Faaaancy way of dancing around the question.    Perhaps I should have made it simpler...

Go with this:  You get to choose one and one only.  Use any criteria and factors you wish but feel free to explain your choice as that is what really makes this fun.  The situation (since this is an RPG site) is that you get to play network head for a day and that one day you get to choose which show stays on for another year and which dies.  It's a tough choice  for sure but there wouldn't be any point if it was an easy call.  To me, this type of choice is a wonderful and horrible fantasy.  You want to keep both but that's not the situation.  And explaining why you won't choose doesn't apply.

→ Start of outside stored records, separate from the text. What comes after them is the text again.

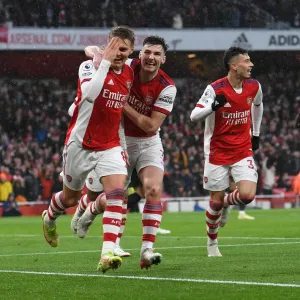 Arsenal: Odegaard and Tierney's Celebration After Scoring Against Southampton (Premier League 2021-22)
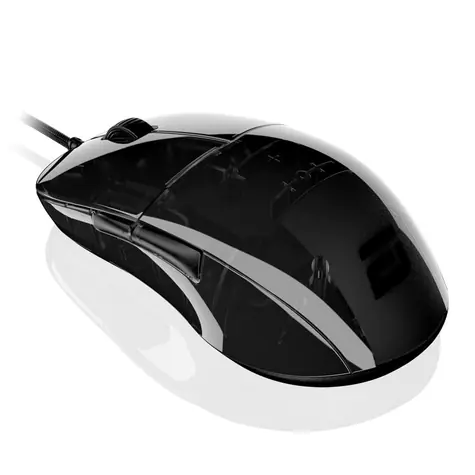 Endgame Gear XM1r Myš herní drátová reflexní černá / Optický senzor / Pro praváky / 19000 CPI / Tlačítek: 5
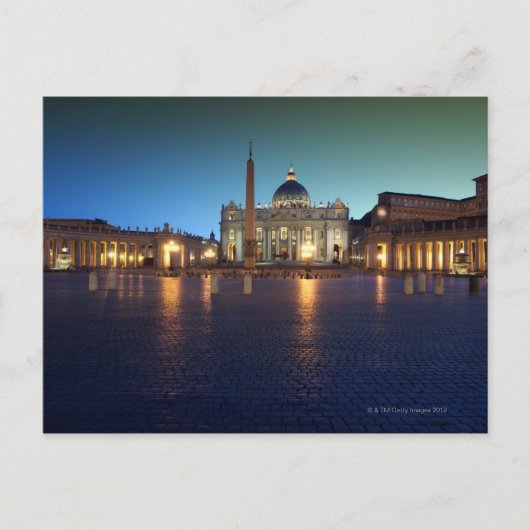 St Peters Square, Rom, Italien Postkarte (Vorderseite)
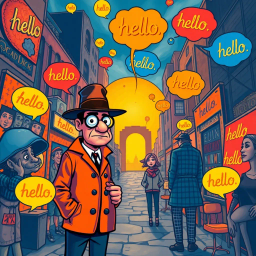 Whose Hello Is It Anyway? - Text-based game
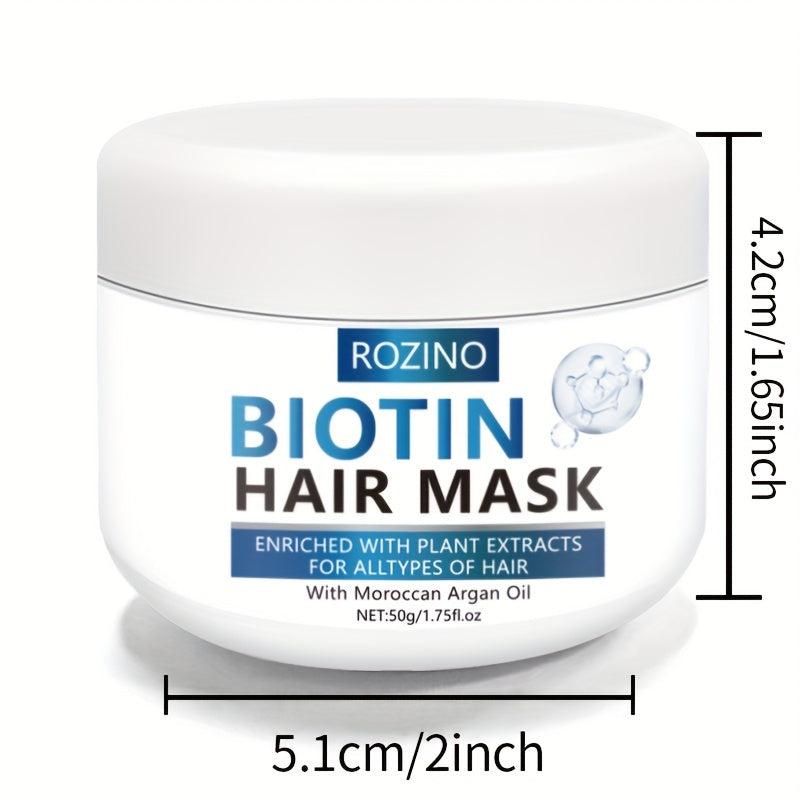 Biotin Hair Mask Plant Extracts Moroccan Argan Hair Care Mask All Hair Types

As for myself, I plan on making a reply with my reasons but I need to grab a few hours of sleep before work....


----------



## Lazybones (Sep 14, 2005)

Firefly, absolutely no contest. I would give up the entire television lineups of all of the six main networks for more Firefly. Of course, the only network shows I watch regularly are _The Simpsons_ and _Family Guy_ (and the former is starting to get tired), so such a statement is less meaningful coming from me.


----------



## ergeheilalt (Sep 14, 2005)

I'd choose Firefly, hands down. I enjoyed the show, the banter was witty, it's new, and (IMO) the most widely accessible for a network audience. You could tune in to any episode and be entertained. There was no huge arc and seeing episode 8 before episode 3 won't spoil episode 3 (ala BSG, which has a short review prior to each episode). Each episode of Firefly is enjoyable in and of itself.


----------



## Belen (Sep 14, 2005)

Firefly. There is no comparison.  It has better actors, better scripts, and a more coherent storyline.  It is also not as depressing.  I like BSG, but Firefly would win any contest I judged.


----------



## Truth Seeker (Sep 14, 2005)

BelenUmeria said:
			
		

> Firefly. There is no comparison.  It has better actors, better scripts, and a more coherent storyline.  It is also not as depressing.  I like BSG, but Firefly would win any contest I judged.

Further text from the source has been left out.